Mas, se “não se dá um novo impulso, não podemos ir muito longe”, diz a economista francesa Laurence Tubiana, arquiteta do Acordo de Paris.

Segundo as previsões do America’s Pledge, que reúne milhares de organizações não federais, com um “novo compromisso federal agressivo em 2021”, os Estados Unidos poderiam reduzir em 49% suas emissões em 2030 com relação a 2005.

A primeira economia do mundo é, ainda, um ator primordial na diplomacia climática e, embora sua saída do Acordo de Paris não tenha tido precedentes, alguns países se sentiram mais livres para se distanciar da luta global contra o aquecimento, como Brasil, Austrália e Índia.

“Viram-no como um sinal para limitar seu compromisso com o Acordo de Paris, dizendo-se, ‘se o segundo emissor (mundial, depois da China) não o respeita, por que eu deveria fazê-lo'”, critica Lois Young, representante permanente de Belize na ONU e presidente do grupo AOSIS dos Estados insulares, os mais vulneráveis aos desajustes do clima.

“Não há dúvida: os Estados Unidos são um ator necessário na luta climática. E os quatro próximos anos representam quase metade do tempo do qual dispomos para mudar a trajetória das emissões, segundo os cientistas”, afirma, em declarações à AFP.

De fato, o relatório de referência dos especialistas climáticos da ONU (IPCC) de 2018 afirma claramente que para não superar um aquecimento de 1,5º C seria preciso reduzir as emissões em quase 50% em 2030.

Nos últimos anos, já se multiplicaram os eventos climáticos extremos relacionados com o aquecimento, como inundações, secas e incêndios devastadores.

– UE e China, líderes –

Para os defensores do clima, também há mensagens de esperança, como o recente compromisso da China de alcançar a neutralidade de carbono em 2060 e a proposta da Comissão Europeia de elevar a meta da UE de redução de emissões de 40% a 55% em 2030 com relação a 1990.

“Os passos dados pela China e pela UE mostram que o resto do mundo não permitirá” que Trump “destrua o clima e prejudique as populações”, avalia Mohamed Adow, do “think tank” Power Shift Africa.

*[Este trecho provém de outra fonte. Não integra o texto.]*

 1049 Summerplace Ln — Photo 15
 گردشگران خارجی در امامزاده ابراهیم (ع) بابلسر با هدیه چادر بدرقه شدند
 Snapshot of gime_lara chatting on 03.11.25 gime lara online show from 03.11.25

Apesar de tudo, “os desafios ambientais nunca foram tão relevantes” como nestas eleições, assegura Adow, que confia que uma futura presidência de Biden relançaria e reforçaria os compromissos de Obama.

Biden se comprometeu a retornar ao Acordo de Paris e alcançar a neutralidade de carbono em 2050, colocando sobre a mesa um plano de 2 bilhões de dólares em quatro anos a favor, sobretudo, das energias limpas e de infraestruturas pouco contaminantes.

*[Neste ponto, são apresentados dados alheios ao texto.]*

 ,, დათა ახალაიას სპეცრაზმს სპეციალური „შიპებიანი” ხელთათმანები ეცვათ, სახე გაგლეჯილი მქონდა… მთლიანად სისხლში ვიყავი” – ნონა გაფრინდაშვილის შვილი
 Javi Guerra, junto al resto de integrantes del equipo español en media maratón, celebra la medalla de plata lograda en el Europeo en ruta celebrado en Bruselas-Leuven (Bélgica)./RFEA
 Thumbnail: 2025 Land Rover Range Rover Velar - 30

Mas sua aplicação não dependeria apenas do presidente, mas de sua “capacidade de fazer aprovar uma lei” e, portanto, de uma vitória dos democratas no Senado, de maioria republicana, explica Tubiana.

Caso contrário, “me preocupa que o resto do mundo não leve suficientemente a sério as obrigações de reduzir as emissões a tempo de evitar os piores impactos das mudanças climáticas”, segundo Mann.